Property Taxes (PROPTX99) Topcode

I’ve been investigating property tax topcodes in the ACS IPUMS variable PROPTX99 and its source variables.

The IPUMS documentation says its maximum category value (69) reflects reported values higher than 10,000 USD in all years for which the variable is available. Moreover, the editing procedure says: “If the reported real estate taxes (PROPTX99) exceed the top code, the value will be replaced with the top code.”

The ACS PUMS documentation of the Census Bureau says that reported values are topcoded if they exceed a “top-code national minimum value”.

For every year, the Census Bureau publishes tables showing this minimum value (which varies between years and sometimes even between states) as well as the mean of all reported property taxes exceeding it. This description and data is also available on the ACS IPUMS page on TOP CODED AND BOTTOM CODED VALUES FOR ACS/PRCS SAMPLES BY STATE.

Given this information, I would like to clarify how the 10,000 USD topcode was implemented in the IPUMS ACS variable PROPTX99:

Does the editing procedure use the year (and state) specific minimum value? Or does it simply set values above 10,000 USD equal to 10,000 USD – irrespective of the year (and state)?

Thanks for your answer!

The variable PROPTX99 is top coded at $10,000 in all ACS samples. The page on top and bottom coded variables in the ACS states that “all base dollar amounts are top-coded using the state mean of all cases greater than or equal to the top-code state minimum value. The only exception to the top-code state minimum value is TAX which uses the top-code national minimum value.” TAX refers to the variables TAXP or TAXAMT, the names of the original ACS variables corresponding to the IPUMS USA variable PROPTX99. Looking through the tables on the linked page, you will see that the top code for PROPTX99 does not vary by state or year. I was not able to find any documentation from the Census suggesting that the top code varies.

Please follow up with any additional questions or if you have a link to any information from the Census or IPUMS suggesting that the top code varies by year or state. Thank you.

Thanks for your reply!

Quick follow up:

The Census material I refer to is published on their ACS PUMS documentation website. Here for 2015. Navigate to “PUMS Top Coded and Bottom Coded Values”, download the linked file and open it with Acrobat. It contains a pdf and a csv file.

The csv file has variables called “taxtpct” and “taxp”.

The pdf has some documentation but it does not answer those two questions:

  1. How do the variables “taxtpct” and “taxp” compare to the uniform 10,000 USD topcode you mention? (They are always larger than 10,000USD and vary between states.)
  2. How do they relate to the correspondence between the 69 categories and the Dollar values which are listed in the description of PROPTX99? (Does 69 refer to a different Dollar value in different states?)

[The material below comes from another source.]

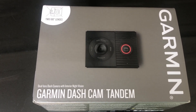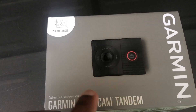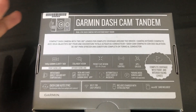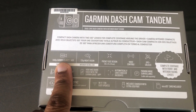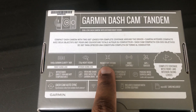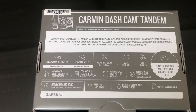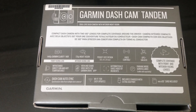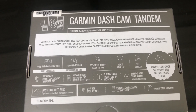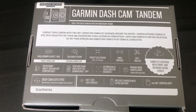I haven't reviewed a Garmin dash cam before, so I'm pretty excited. I also haven't reviewed a dash cam with two 180-degree views — one outside of your vehicle and one inside the cabin. It features 1440p Garmin Clarity recording outside and 720p with night vision inside. It's pocket-sized and piggybacks onto their Galileo GPS system so your coordinates and speed are always tracked. It operates in temperatures up to 80 degrees Celsius, which is probably the highest I've seen.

Thanks a lot for looking into this.

@Isabel_Pastoor brought this question to rest of the User Support team for discussion, since the answer to your questions is not at all obvious. After some extensive investigation, here is what we feel that we can confidently say about the topcodes for PROPTX99:

In each year, the column TAXTPCT in the Original PUMS csv files available at the IPUMS USA topcodes page gives the threshold above which the property tax variable is topcoded. How this is determined has changed over the years.

For 2016 and 2017: This is exactly 10,000.

For years prior to 2016: There is a (mostly) uniform threshold across states, which is the “top-code national minimum value”. This is always above 10,000 in these years. For a handful of small states each year, there is a different value for TAXTPCT, which is lower than then national, but still above 10,000. It appears that the Census Bureau treated these states differently, without mentioning it in the written documentation. In some cases, there is a blank value for TAXPCT. We believe the blanks mean that no cases were topcoded.

For 2018 and later: A state-specific threshold is used. In many cases this is below 10,000. Which coded value corresponds to the topcode for a specific state in a specific year is not captured in the IPUMS variable labels, so the tables at the topcodes page must be used to determine this.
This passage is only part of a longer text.